Wednesday, August 17, 2016

Streetsblog and Scott Wiener

SFBC photo, Dyami Serna

Streetsblog's Roger Rudick, in his interview with Supervisor Wiener, again waves the bloody shirt on bicycle accidents:

It’s been over a month since the deaths of Kate Slattery and Heather Miller. Mayor Lee has finally issued an Executive Directive to accelerate safety improvements. But why did it have to wait until two people died on the same night? That horrible night didn’t really highlight that the areas where they were killed are dangerous; we already knew that from the slow trickle of deaths and injuries. Why do we wait until some tragic spectacle to react?

I've asked this question before: How dumb does Streetsblog think its readers are? Maybe the real question is, How dumb is Roger Rudick'? 

Since neither of those fatal accidents could have been prevented by any "improvement" the city could make---one was caused by a motorist running a red light and the other was caused by a car thief speeding through the park---Rudick's question would normally be seen as pure demagoguery, except that Streetsblog's intellectual standards have always been so low you have to think that it's simple stupidity (see this and this).
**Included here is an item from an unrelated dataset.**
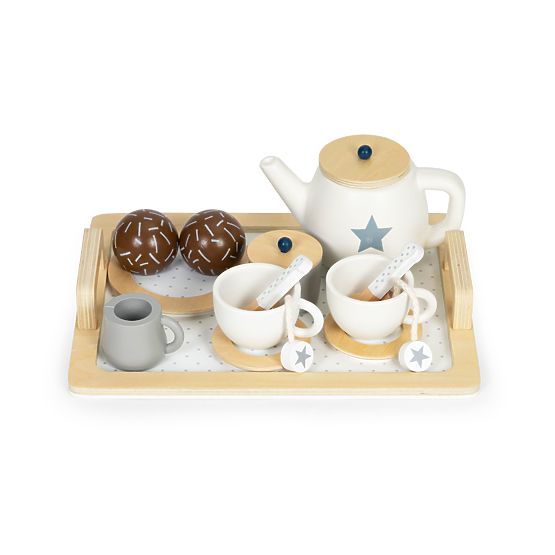 Leseni čajni set čajnik skodelice 17 elementov ECOTOYS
Wiener probably understands that about those specific fatalities, but he flab-gabs around a bit before this:

But we also know that each of these Vision Zero projects are controversial; not within the transit community, but when you’re talking about traffic calming measures that reduce lanes and slow speeds, there’s often pushback and we see it everywhere. We’re getting pushback to our plans for Upper Market. There was pushback on some of the South of Market project. We have pushback on Mission. Pushback on Geary. Everyone is entitled to a point of view…but that pushback makes the process go slower. There are times when the MTA doesn’t want to pick too many fights, so they pick their battles.
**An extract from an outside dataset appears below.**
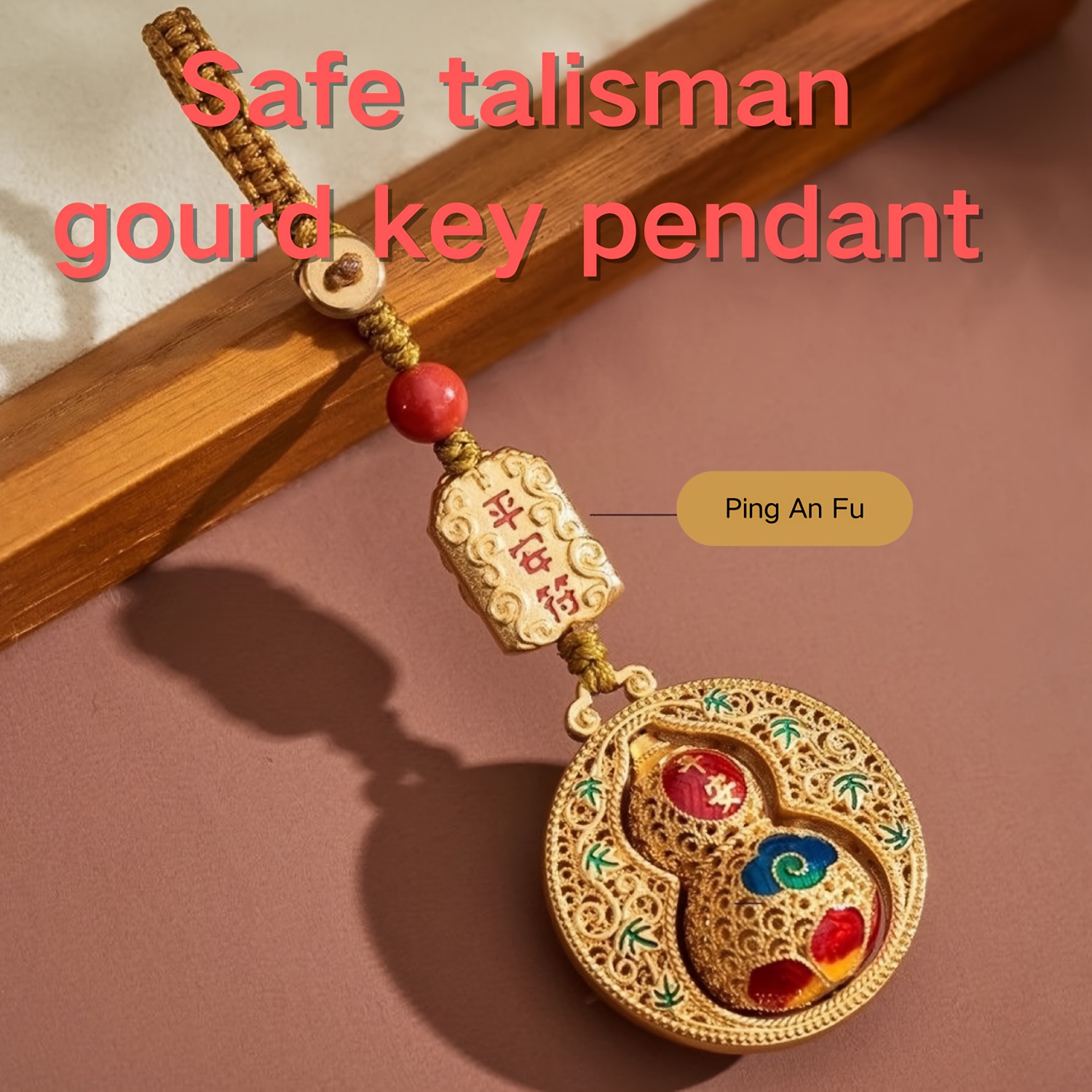 

Porte-clés en de gourde tissé à , non plaqué, pendentif talisman créatif, porte-clés de unisexe, cadeau , accessoire amulette de protection.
"Pushback everywhere"! Where does it all come from? From the neighborhoods where City Hall is trying to foist its bogus "improvements" on city residents. Resistance to the Taraval project was about parking. The neighborhood resistance in the Mission was also about taking away street parking to make a bus lane. I don't know what the Upper Market pushback was about. 

And Geary? Not at all clear what Wiener is talking about there, though maybe he's just repeating the falsehood about the Geary BRT that he provided the NY Times two years ago.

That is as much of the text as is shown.